- Spanish poster
- Directed by: Manuel García Ferré
- Written by: Manuel García Ferré (writer) María Elena Walsh (story)
- Produced by: Carlos Mentasti. Diana Cordoba
- Starring: Rosario Sánchez Almada Pelusa Suero Enrique Conlazo Miguel Esteban Cecilia Gispert Susana Sisto
- Cinematography: Jorge Somma
- Edited by: Luis Busso
- Music by: Néstor D'Alessandro Roberto Lar María Elena Walsh
- Production companies: Producciones García Ferré Telefe
- Distributed by: Columbia TriStar Films de Argentina
- Release date: 8 July 1999; (Argentina)
- Running time: 86 minutes
- Country: Argentina
- Language: Spanish
- Budget: $5 million
- Box office: $6.6 million

= Manuelita (film) =

1999 film

Manuelita is a 1999 Argentine animated adventure comedy-drama film directed by Manuel García Ferré. It was Argentina's official Best Foreign Language Film submission at the 72nd Academy Awards, but did not manage to receive a nomination. It is also the first ever animated film by Scope, and the first ever family movie by Scope.

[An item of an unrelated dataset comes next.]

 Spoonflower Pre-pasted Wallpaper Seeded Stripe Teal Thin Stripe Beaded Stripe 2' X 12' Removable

Manuelita comes from a children's song of María Elena Walsh. Isa Cucinotta, co-curator of Rá-Tim-Bum Castle, said that Manuelita was as famous in Argentina as Winnie the Pooh was in the United States.

==Plot==
The Patriarch of the Birds (a character who first appeared in Trapito) tells other animals the story of Manuelita, the turtle. Born in Pehuajó, Manuelita has an adventurous and curious spirit since she hatches from an egg. A few years pass and she starts school with her two best friends, Topi and Bartolito. Three dogs mock and bully them in their way to and back. When they take Manuelita's backpack and toss it around, Bartolito bravely stands up for her, pouncing one of the crooks, resulting in the two of them fighting on the ground. The other two crooks join in, but are chased away by the school janitor and assistant teacher Larguirucho (from The Adventures of Hijitus) on his bicycle.

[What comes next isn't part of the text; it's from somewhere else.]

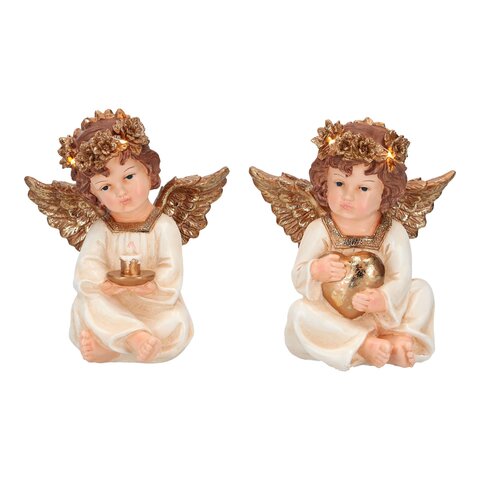 Engel met hart en kaarsen 16x13x19cm 2ass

That night, Manuelita dreams of Bartolito as a knight coming to her rescue from the crooks, who are shown as a three-headed dragon. The Patriarch tells that the years pass and Manuelita blossoms into a beautiful teenager. Bartolito is in love with Manuelita as well, and confesses his feelings in a letter, but when he tries to deliver it to her, they discover that there is a carnival fair in Pehuajó. Since the family plans to go, Bartolito decides to save the letter for later and join them.

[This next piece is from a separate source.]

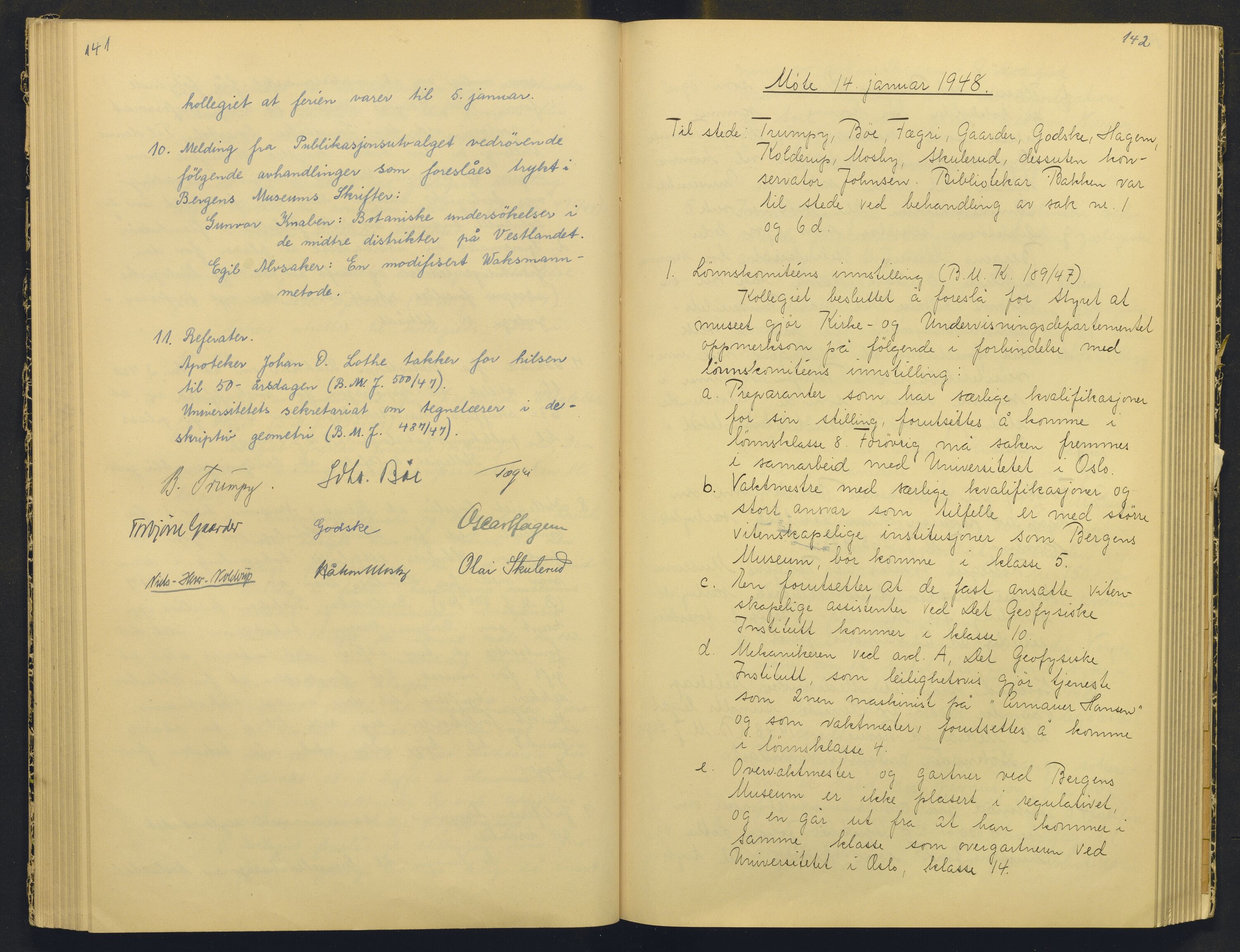 Bergens Museum, AV/SAB-A-17301/18/A/L0004: Professorkollegiets møtebok med register , 1945-1949, s. 141-142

Seeing a giant hot air balloon, Manuelita asks for permission to ride in it, much to her parents' chagrin, but Grandpa convinces them to let her. Larguirucho holds onto the ropes that held the balloon on the ground, but the wind carries it, along with Manuelita in the basket, before anyone can climb to her rescue. Manuelita at first enjoys the trip, but after a mischievous seabird pops the balloon, she falls in the middle of what appears to be the Atlantic Ocean. There, she is picked up by a crew of pirate pigs in their ship after they mistake the basket for a treasure chest. The captain orders his men for her to be thrown into the brig of the ship until a decision is made about what to do with her. Inside the brig, she meets Veni, Vidi and Vici, the three mice who cheer her up with a song. Their joyful singing and dancing wakes up the captain, who orders to get Manuelita. She and the mice manage to escape outside. They are surrounded by the pigs, but the weight of the pigs causes the ship to sink. Manuelita and the mice manage to grab a board and swim, while the pirates get stranded. Manuelita and mice later meet giant elderly sea turtle, who takes them all to be safe on land.

When they reach a French coast town, Manuelita and the mice go separated ways. Looking for a place to spend the night, she stops to watch a fashion show from outside a building. She is then greeted by François, the owner of the place, who introduces her to fashion designer Coco Liché, promising her a career as a model in Paris. Meanwhile, in Pehuajó, Bartolito, Topi, Larguirucho and Manuelita's grandfather try to build an airship to go looking for Manuelita, which they manage to do after several failed attempts. After seeing her on the cover of a fashion magazine, Manuelita's mother tells everyone about her staying in Paris. Ready to travel to France, Larguirucho and Topi climb onto the airship while Bartolito and Grandpa stay behind and look for a compressor. However, by accident, they cut the ropes, leaving without Grampa and Bartolito. During the trip, Larguirucho and Topi encounter the same seabird who pops the air balloon, but as first decided, they manage to defeat it. In Paris, Manuelita entrusts François with her money to have it sent to their parents in Pehuajó every month, along with and letters to Bartolito, not knowing he is cheating her out by keeping the money in his bag and the letters in a desk. After several days of travel, Larguirucho and Topi arrive in Paris. While looking for Manuelita on the streets of the city, they start asking about her whereabouts to several characters they meet, including Henri de Toulouse-Lautrec, the sentient statue of The Thinker and Carlos Gardel.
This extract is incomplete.